I am studying measure theory from Shakarchi-Stein's book and I would like to discuss one moment:
Let $Q$ be a closed cube in $\mathbb{R}^d$. For a fixed $\varepsilon>0$ we choose an open cube $S$ which contains $Q$ and such that $|S|\leq (1+\varepsilon)|Q|,$ where by $|Q|$ I denote the volume of cube.
I was considering it for a while trying to prove it rigorously however I am not able to prove it in rigorous way.
Would be very thankful if somebody will show me how to show it.
On
Generally for rectangular parallelepipeds, you can do as follows:
Let $\epsilon$ be given, and let $Q$ be a rectangular parallelepiped with sides $[a_i,b_i]$, $i=1,2,...,d$. Its volume is $(b_1-a_1)...(b_n-a_d)$. Choose an open rectangular paralleliped $S$ with sides $(u_i,v_i)$ containing $[a_i,b_i]$. There is $e_i$ such that $v_i-u_i=b_i-a_i+e_i$. The volume of $S$ is therefore equal to the volume of $Q$ plus a first order polynomial in $e_i$’s.
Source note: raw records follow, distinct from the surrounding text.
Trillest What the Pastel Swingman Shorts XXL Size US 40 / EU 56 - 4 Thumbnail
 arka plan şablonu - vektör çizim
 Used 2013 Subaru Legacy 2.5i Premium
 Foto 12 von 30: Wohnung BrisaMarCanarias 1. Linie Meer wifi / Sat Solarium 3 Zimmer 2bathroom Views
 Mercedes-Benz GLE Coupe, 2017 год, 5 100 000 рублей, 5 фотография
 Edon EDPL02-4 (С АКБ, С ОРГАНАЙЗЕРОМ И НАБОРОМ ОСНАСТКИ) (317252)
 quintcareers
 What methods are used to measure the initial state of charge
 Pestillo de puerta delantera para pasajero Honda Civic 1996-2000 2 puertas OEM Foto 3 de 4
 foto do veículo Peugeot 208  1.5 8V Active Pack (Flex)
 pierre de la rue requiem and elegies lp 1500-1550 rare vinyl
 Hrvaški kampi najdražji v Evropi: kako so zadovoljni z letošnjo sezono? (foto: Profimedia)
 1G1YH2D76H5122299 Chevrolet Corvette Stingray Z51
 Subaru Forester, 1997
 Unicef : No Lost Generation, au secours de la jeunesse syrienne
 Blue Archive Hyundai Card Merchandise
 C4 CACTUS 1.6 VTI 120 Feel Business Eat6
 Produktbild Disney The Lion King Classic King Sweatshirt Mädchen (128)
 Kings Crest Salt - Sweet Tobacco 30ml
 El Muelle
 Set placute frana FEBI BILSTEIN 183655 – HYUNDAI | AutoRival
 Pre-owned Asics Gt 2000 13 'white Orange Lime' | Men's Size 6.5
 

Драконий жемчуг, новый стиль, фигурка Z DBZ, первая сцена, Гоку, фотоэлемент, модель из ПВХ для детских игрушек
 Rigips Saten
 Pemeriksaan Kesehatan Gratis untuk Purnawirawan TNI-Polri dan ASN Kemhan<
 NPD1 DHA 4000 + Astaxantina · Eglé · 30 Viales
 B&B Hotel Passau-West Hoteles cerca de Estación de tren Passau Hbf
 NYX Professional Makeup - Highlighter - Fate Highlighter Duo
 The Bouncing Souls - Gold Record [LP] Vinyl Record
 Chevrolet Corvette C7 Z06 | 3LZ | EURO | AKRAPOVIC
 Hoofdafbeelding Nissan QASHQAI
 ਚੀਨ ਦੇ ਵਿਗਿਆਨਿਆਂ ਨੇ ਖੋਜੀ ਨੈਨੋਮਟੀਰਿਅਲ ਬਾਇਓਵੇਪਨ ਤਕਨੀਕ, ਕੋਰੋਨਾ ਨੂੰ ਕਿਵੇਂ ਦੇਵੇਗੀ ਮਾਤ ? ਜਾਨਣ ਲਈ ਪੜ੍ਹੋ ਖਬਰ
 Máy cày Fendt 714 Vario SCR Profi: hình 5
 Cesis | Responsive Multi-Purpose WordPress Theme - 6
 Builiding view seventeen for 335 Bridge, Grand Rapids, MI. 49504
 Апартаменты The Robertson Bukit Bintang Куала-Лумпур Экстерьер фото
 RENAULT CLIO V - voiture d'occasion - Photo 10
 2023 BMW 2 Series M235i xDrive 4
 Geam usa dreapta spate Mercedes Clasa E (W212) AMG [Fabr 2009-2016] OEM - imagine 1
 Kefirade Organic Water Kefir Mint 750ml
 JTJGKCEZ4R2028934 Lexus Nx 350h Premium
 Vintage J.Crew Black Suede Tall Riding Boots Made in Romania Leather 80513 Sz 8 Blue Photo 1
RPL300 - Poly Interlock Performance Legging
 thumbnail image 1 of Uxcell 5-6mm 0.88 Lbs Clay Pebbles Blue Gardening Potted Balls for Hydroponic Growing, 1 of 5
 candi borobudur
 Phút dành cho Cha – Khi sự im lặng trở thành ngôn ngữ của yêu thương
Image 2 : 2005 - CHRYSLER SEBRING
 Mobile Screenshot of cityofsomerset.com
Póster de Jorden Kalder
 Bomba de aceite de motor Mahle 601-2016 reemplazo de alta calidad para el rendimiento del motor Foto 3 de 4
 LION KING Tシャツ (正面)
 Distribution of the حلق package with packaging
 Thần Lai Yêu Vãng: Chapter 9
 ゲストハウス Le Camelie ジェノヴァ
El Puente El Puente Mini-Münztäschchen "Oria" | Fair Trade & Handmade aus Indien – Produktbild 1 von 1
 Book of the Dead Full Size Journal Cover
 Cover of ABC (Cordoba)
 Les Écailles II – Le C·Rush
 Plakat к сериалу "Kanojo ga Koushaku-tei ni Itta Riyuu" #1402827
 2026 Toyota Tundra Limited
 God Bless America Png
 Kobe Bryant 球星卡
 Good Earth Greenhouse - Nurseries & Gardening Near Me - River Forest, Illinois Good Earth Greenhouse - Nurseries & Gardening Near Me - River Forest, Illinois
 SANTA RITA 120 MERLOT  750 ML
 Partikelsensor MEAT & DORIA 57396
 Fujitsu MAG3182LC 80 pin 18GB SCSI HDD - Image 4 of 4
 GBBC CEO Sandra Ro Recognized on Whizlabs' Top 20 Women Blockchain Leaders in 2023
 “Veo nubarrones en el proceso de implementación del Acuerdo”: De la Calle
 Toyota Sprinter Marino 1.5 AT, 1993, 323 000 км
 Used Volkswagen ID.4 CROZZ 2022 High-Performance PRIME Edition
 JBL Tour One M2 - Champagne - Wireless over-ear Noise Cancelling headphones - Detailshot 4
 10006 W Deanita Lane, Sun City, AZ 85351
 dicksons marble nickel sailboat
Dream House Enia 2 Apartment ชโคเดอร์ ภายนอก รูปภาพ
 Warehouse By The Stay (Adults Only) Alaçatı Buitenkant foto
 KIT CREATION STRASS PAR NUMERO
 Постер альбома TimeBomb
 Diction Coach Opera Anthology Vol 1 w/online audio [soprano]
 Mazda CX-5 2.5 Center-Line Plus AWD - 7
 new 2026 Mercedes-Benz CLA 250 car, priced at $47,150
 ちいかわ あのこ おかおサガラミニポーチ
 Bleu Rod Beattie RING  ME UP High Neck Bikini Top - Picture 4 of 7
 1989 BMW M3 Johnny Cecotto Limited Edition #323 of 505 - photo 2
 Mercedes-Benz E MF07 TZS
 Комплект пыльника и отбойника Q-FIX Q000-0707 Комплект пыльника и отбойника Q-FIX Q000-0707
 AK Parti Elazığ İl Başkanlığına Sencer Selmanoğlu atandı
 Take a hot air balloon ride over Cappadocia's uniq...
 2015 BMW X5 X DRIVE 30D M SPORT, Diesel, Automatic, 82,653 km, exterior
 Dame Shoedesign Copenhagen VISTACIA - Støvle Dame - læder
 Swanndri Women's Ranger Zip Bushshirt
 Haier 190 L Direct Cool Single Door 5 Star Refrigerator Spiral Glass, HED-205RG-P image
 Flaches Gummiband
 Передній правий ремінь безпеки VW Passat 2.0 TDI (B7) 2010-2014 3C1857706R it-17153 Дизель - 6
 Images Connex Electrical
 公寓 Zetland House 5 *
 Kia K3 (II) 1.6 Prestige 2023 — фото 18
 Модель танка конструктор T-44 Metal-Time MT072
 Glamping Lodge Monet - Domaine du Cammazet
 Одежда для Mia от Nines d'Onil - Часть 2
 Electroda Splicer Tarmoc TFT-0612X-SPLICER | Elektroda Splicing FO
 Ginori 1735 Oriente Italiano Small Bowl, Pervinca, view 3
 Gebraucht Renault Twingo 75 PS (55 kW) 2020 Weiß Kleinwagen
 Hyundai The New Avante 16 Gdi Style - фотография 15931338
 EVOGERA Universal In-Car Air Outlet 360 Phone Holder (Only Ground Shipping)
Take $e:=max_i${$e_i$}. Hence the volume of $S$ is at most the volume of $Q$ plus a variable multiple of $e$, say, $|S|=|Q|+ce$, for some $c$ which is an increasing function of $e$, and taking $e$ small enough $e_0$ you can choose $c\lt1$. Now take $e:=min${$\epsilon |Q|,e_0$}.
Volume of a $d$-dimensional cube with edge of length $a$ is $a^d$. So, denoting the edges of $S$ and $Q$ by $a_S$ and $a_Q$ respectively, $|S| \leq (1 + \varepsilon)|Q|$ means $a_S^d \leq (1+\varepsilon)a_Q^d$, thus $a_S \leq \sqrt[d]{1+\varepsilon}\cdot a_Q$.
So, take $S$ to be the cube with the same center as $Q$ and with side $\leq\sqrt[d]{1+\varepsilon}\cdot a_Q$.